# MAT 266 - Introduction to Real Analysis This course provides a rigorous introduction to the concepts of axiomatics, sets, measures, functions, sequences, series, integration/differentiation and metric spaces. Emphasis will be placed on writing mathematics clearly, especially regarding proofs. Recommended for Mathematics majors or Computer Science and Engineering Science students as advised.
**Prerequisite- Corequisite** Prerequisite: MAT 281 Calculus III or permission of the instructor
Credits: 3
**Hours** 3 Class Hours
**Course Profile** Learning Outcomes of the Course:
Upon successful completion of this course the student will be able to:
1. Prove one set is a subset of another.
2. Prove two sets are equal.
3. Verify that a function is one-to-one and/or onto.
4. Prove theorems about the functions and inverse functions.
5. Use the principle of mathematical induction.
6. Define continuity of a function at a point.
7. Define a bound on a set.
8. Find infima and suprema of a set.
9. Identify sets as countable or uncountable.
10. Calculate the measure of a set.
11. Define the Cantor Set.
12. Define a sequence and be able to identify the following:
a. monotonicity
b. convergence
c. isolated points
d. accumulation points
e. boundedness
f. the Cauchy property
13. Define pointwise and uniform convergence for sequences of functions.

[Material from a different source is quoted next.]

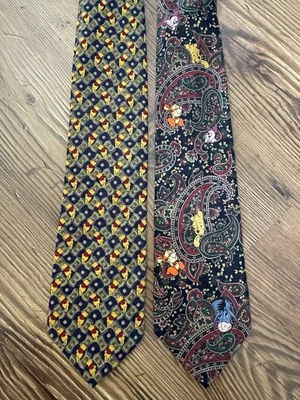 Vintage Disney Winnie The Pooh Necktie Paisley Set Of 2 - Image 1 of 4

In the context of the course objectives listed above, upon successful completion of this course the student will be able to:
1. Interpret and draw inferences from mathematical models such as formulas, graphs, tables and schematics.
2. Represent mathematical information symbolically, visually, numerically and verbally.
3. Employ quantitative methods such as arithmetic, algebra, geometry, or statistics to solve problems.
4. Estimate and check mathematical results for reasonableness.
5. Recognize the limitations of mathematical and statistical methods.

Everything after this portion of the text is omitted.